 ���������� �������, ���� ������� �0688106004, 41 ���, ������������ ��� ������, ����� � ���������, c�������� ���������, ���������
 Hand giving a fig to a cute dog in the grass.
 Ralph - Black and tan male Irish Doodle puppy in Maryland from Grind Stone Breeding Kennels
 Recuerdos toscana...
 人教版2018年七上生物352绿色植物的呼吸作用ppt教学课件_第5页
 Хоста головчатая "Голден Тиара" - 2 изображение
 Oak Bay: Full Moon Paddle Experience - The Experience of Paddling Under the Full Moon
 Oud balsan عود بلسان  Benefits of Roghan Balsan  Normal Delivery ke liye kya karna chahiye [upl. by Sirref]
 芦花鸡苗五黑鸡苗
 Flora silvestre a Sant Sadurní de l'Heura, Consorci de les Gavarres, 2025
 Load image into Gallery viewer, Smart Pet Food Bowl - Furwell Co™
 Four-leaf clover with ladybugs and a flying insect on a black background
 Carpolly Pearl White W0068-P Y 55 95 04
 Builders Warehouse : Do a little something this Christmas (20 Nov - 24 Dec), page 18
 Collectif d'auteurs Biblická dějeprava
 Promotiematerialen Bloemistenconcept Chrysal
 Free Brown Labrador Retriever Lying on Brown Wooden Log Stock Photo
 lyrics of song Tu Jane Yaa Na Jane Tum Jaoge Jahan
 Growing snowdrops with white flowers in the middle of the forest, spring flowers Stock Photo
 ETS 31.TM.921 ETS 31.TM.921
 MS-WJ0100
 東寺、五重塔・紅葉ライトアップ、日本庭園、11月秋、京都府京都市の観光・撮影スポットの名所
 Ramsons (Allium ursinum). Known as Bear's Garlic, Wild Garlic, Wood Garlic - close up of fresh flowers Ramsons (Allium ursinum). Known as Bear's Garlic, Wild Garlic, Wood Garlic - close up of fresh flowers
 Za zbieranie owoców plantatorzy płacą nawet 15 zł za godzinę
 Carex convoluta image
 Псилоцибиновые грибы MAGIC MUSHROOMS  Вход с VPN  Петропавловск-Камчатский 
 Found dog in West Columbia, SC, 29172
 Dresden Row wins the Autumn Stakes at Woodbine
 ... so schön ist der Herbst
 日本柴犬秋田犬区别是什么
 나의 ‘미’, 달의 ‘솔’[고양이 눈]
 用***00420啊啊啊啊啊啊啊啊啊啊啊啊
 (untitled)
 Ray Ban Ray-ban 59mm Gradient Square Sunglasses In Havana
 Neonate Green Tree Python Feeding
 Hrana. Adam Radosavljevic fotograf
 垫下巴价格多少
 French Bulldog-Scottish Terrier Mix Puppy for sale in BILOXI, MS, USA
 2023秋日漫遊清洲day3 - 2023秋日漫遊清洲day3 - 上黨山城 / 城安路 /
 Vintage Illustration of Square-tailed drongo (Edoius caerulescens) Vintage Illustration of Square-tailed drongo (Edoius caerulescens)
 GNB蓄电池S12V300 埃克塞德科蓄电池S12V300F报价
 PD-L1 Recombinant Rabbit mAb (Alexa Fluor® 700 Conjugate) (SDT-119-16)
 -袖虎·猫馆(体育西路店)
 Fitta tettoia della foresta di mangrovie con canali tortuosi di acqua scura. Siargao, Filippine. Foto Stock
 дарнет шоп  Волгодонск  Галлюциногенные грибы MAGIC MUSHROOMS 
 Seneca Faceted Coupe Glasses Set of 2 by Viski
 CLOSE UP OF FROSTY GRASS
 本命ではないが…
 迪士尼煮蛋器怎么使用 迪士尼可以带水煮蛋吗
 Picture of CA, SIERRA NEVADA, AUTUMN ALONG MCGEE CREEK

^^^^^^^^^^^^^^^^

### Try it
What you return should be the records above, repeated exactly.

### Task response
 ���������� �������, ���� ������� �0688106004, 41 ���, ������������ ��� ������, ����� � ���������, c�������� ���������, ���������
 Hand giving a fig to a cute dog in the grass.
 Ralph - Black and tan male Irish Doodle puppy in Maryland from Grind Stone Breeding Kennels
 Recuerdos toscana...
 人教版2018年七上生物352绿色植物的呼吸作用ppt教学课件_第5页
 Хоста головчатая "Голден Тиара" - 2 изображение
 Oak Bay: Full Moon Paddle Experience - The Experience of Paddling Under the Full Moon
 Oud balsan عود بلسان  Benefits of Roghan Balsan  Normal Delivery ke liye kya karna chahiye [upl. by Sirref]
 芦花鸡苗五黑鸡苗
 Flora silvestre a Sant Sadurní de l'Heura, Consorci de les Gavarres, 2025
 Load image into Gallery viewer, Smart Pet Food Bowl - Furwell Co™
 Four-leaf clover with ladybugs and a flying insect on a black background
 Carpolly Pearl White W0068-P Y 55 95 04
 Builders Warehouse : Do a little something this Christmas (20 Nov - 24 Dec), page 18
 Collectif d'auteurs Biblická dějeprava
 Promotiematerialen Bloemistenconcept Chrysal
 Free Brown Labrador Retriever Lying on Brown Wooden Log Stock Photo
 lyrics of song Tu Jane Yaa Na Jane Tum Jaoge Jahan
 Growing snowdrops with white flowers in the middle of the forest, spring flowers Stock Photo
 ETS 31.TM.921 ETS 31.TM.921
 MS-WJ0100
 東寺、五重塔・紅葉ライトアップ、日本庭園、11月秋、京都府京都市の観光・撮影スポットの名所
 Ramsons (Allium ursinum). Known as Bear's Garlic, Wild Garlic, Wood Garlic - close up of fresh flowers Ramsons (Allium ursinum). Known as Bear's Garlic, Wild Garlic, Wood Garlic - close up of fresh flowers
 Za zbieranie owoców plantatorzy płacą nawet 15 zł za godzinę
 Carex convoluta image
 Псилоцибиновые грибы MAGIC MUSHROOMS  Вход с VPN  Петропавловск-Камчатский 
 Found dog in West Columbia, SC, 29172
 Dresden Row wins the Autumn Stakes at Woodbine
 ... so schön ist der Herbst
 日本柴犬秋田犬区别是什么
 나의 ‘미’, 달의 ‘솔’[고양이 눈]
 用***00420啊啊啊啊啊啊啊啊啊啊啊啊
 (untitled)
 Ray Ban Ray-ban 59mm Gradient Square Sunglasses In Havana
 Neonate Green Tree Python Feeding
 Hrana. Adam Radosavljevic fotograf
 垫下巴价格多少
 French Bulldog-Scottish Terrier Mix Puppy for sale in BILOXI, MS, USA
 2023秋日漫遊清洲day3 - 2023秋日漫遊清洲day3 - 上黨山城 / 城安路 /
 Vintage Illustration of Square-tailed drongo (Edoius caerulescens) Vintage Illustration of Square-tailed drongo (Edoius caerulescens)
 GNB蓄电池S12V300 埃克塞德科蓄电池S12V300F报价
 PD-L1 Recombinant Rabbit mAb (Alexa Fluor® 700 Conjugate) (SDT-119-16)
 -袖虎·猫馆(体育西路店)
 Fitta tettoia della foresta di mangrovie con canali tortuosi di acqua scura. Siargao, Filippine. Foto Stock
 дарнет шоп  Волгодонск  Галлюциногенные грибы MAGIC MUSHROOMS 
 Seneca Faceted Coupe Glasses Set of 2 by Viski
 CLOSE UP OF FROSTY GRASS
 本命ではないが…
 迪士尼煮蛋器怎么使用 迪士尼可以带水煮蛋吗
 Picture of CA, SIERRA NEVADA, AUTUMN ALONG MCGEE CREEK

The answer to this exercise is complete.